Everything in the data below is left aside except the lines from the one containing "Casa 2 quartos no Guilhermina — foto 3" through the one containing "ftft led ceiling"; repeat those exactly.
====== ENTRIES SHOWN ======
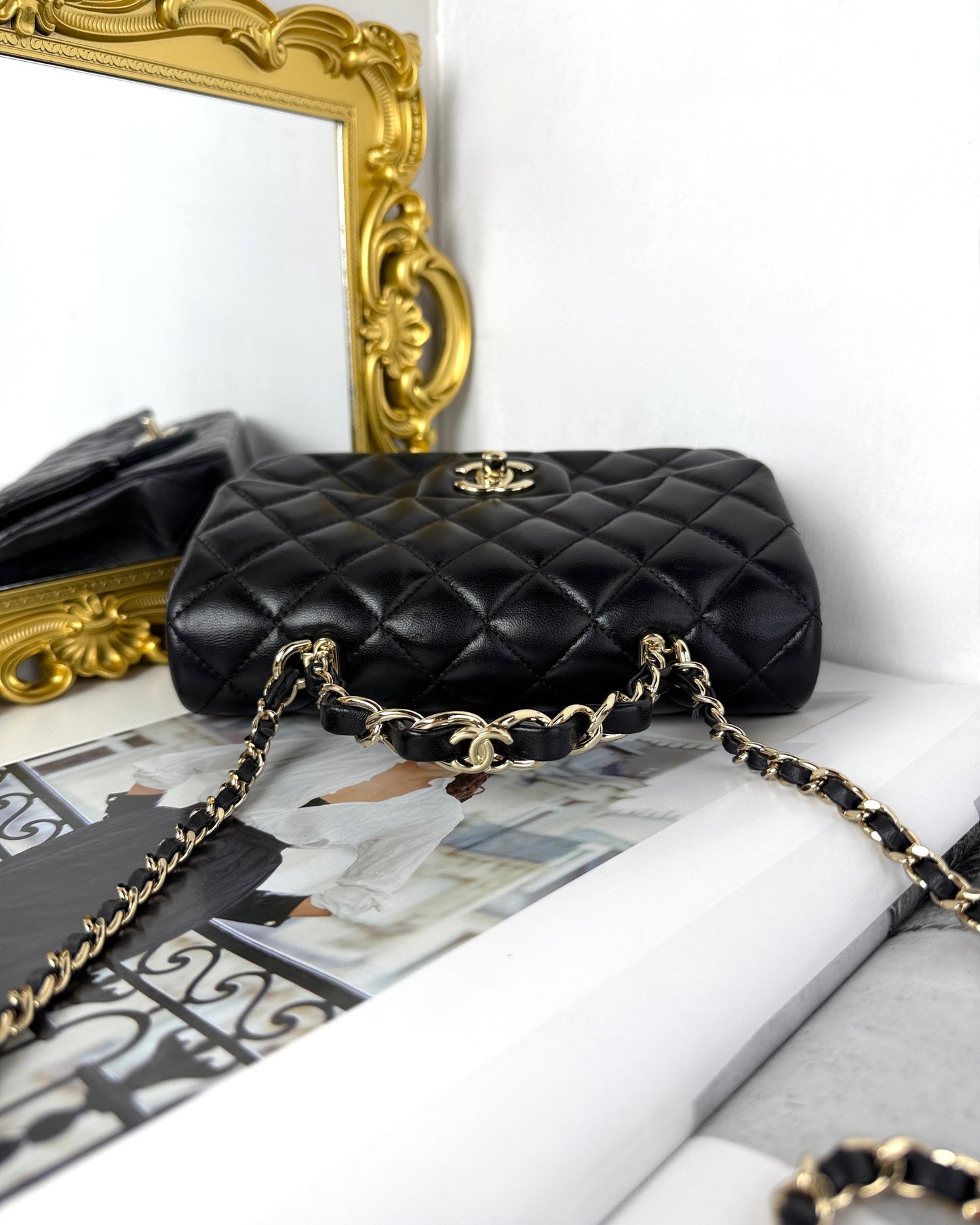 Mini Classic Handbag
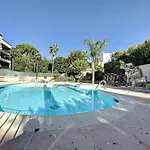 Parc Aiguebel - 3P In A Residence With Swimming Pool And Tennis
======
====== ENTRIES SHOWN ======
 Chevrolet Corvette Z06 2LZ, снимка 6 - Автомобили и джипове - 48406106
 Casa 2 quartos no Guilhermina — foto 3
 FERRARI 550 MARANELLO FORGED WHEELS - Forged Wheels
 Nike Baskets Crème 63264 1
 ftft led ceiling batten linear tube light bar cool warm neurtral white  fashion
======
RESPONSE AREA:
 Casa 2 quartos no Guilhermina — foto 3
 FERRARI 550 MARANELLO FORGED WHEELS - Forged Wheels
 Nike Baskets Crème 63264 1
 ftft led ceiling batten linear tube light bar cool warm neurtral white  fashion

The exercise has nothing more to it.